Il y a d'abord la spécificité de la photo, de la photo numérique. Déjà alors qu'il travaillait péniblement à la chambre, Weston notait cet appel du nombre, regrétait de ne pouvoir en faire plus. Le numérique a fait exploser la barrière matérielle du nombre d'images, rien ne vient limiter pratiquement le nombre de photos réalisables. Et cela s'impose naturellement, je n'ai pas choisi sciemment de profiter de cet avantage. Et ce n'est pas toujours vrai, quand je photographie des objets, je ne fais pas plus de photo qu'avec un appareil argentique, il y a d'autres choses.

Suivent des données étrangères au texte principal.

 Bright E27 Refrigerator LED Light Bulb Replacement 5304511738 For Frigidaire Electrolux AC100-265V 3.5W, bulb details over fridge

Il y a ensuite l'autodestruction. Trop d'image tue l'image. Je noie chacune de mes images dans la proximité des autres images. Ou peut-être aussi une tentative naïve de noyer le poisson, d'absoudre les photos de ce qu'elles représentent, puisqu'aucune image n'a d'importance, ce que je fais n'en a pas non plus. Non une dilution de la responsabilité, dans le nombre, mais une disparition, puisqu'il est impossible de désigner une photo.

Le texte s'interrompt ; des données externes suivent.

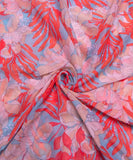 Coral Floral Digital Printed Chiffon Fabric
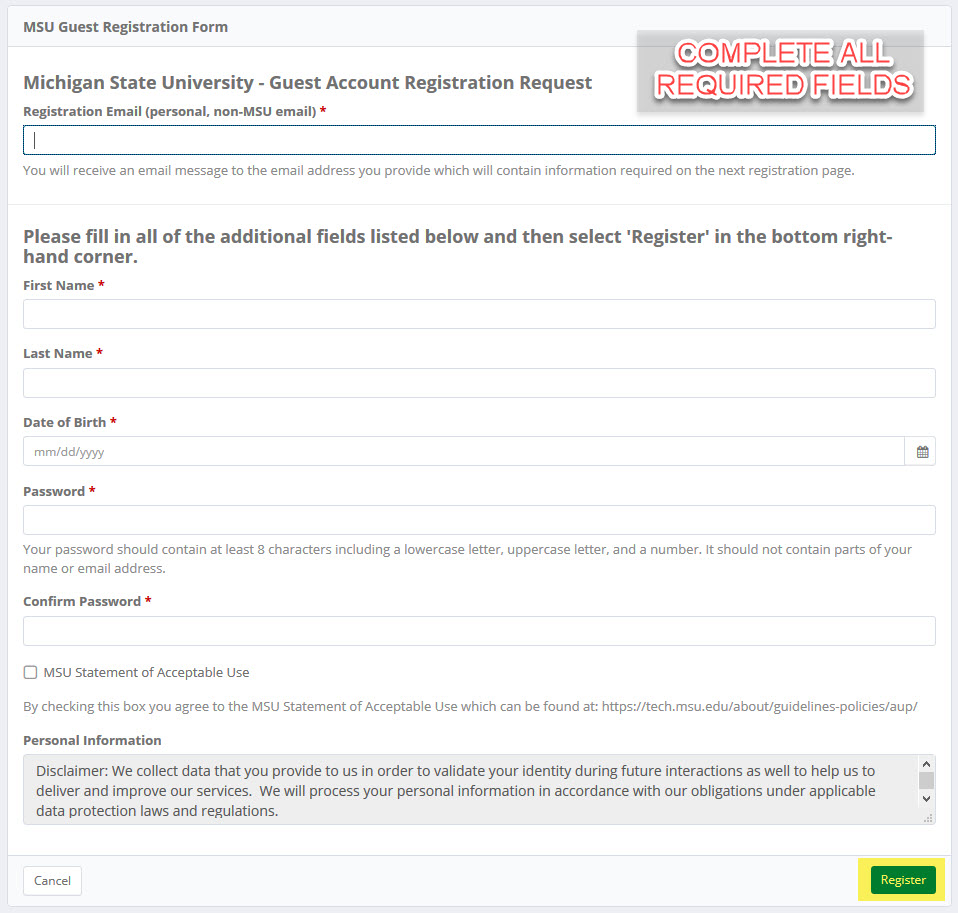 MSU guest registration form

Il y a le refus de l'idole. Le refus de cette oeuvre unique censée par un acte de génie tout dire en une seule image. Une image qui deviendrait sacrée, que l'on encadrerait, un objet de culte. Ceci va bien à la peinture, au croquis.

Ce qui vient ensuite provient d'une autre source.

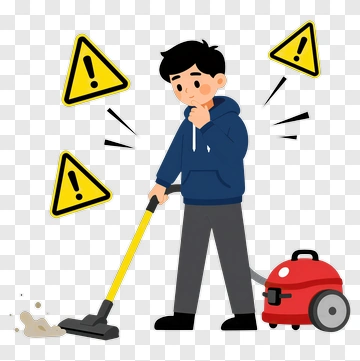 Cartoon Boy Cleaning With A Vacuum Cleaner PNG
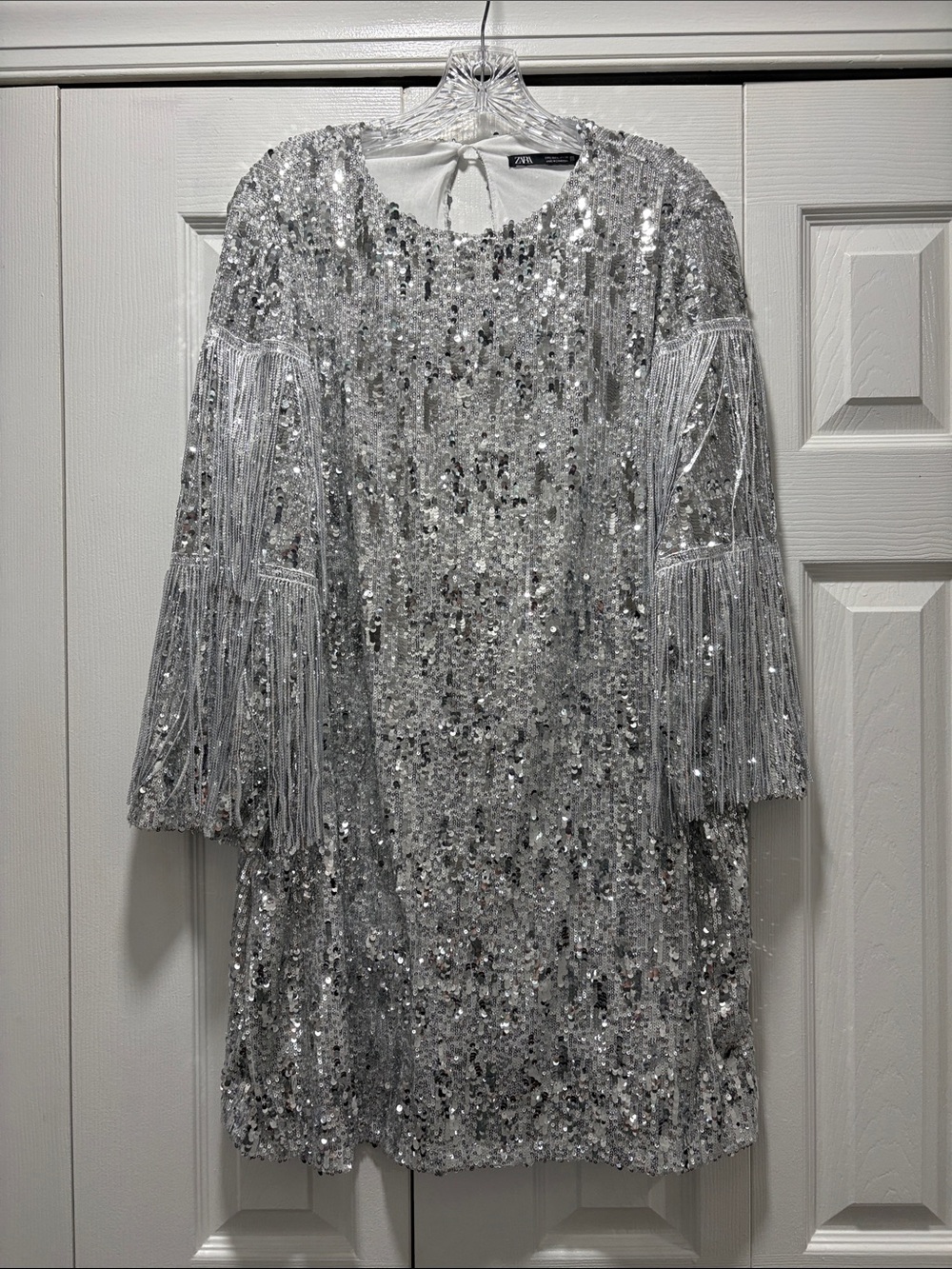 Zara Silver Sequin Fringe Mini Dress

Il y a une tentative absurde d'honnèteté. Montrer des photos moins fortes, car elle participent autant que les fortes de ce qu'il s'est passé. Coller à la «réalité». Établir un récis exhaustif. Cerner son sujet littéralement, ne pas le condenser en une image résumée mais en délimiter les contours. Ne pas le désigner, mais le faire naître par lui même du chaos des images.

Il y a les failles. L'enchaînement discontinu des images fait naître autant d'espaces, autant de ruptures où du sens peut se faire. L'entre deux images, espace vierge, invitation à se glisser, à s'immiscer, à pénétrer. Un moucharabié dont les interstices invitent au croisement des regards, une membrane poreuse pour une diffusion osmotique.

Il y a l'inéfficacité, le gaspillage, la gratuité. Un terrain vague, une histoire qui divague, qui se perd, qui s'égare. Flagrant délit de vagabondage.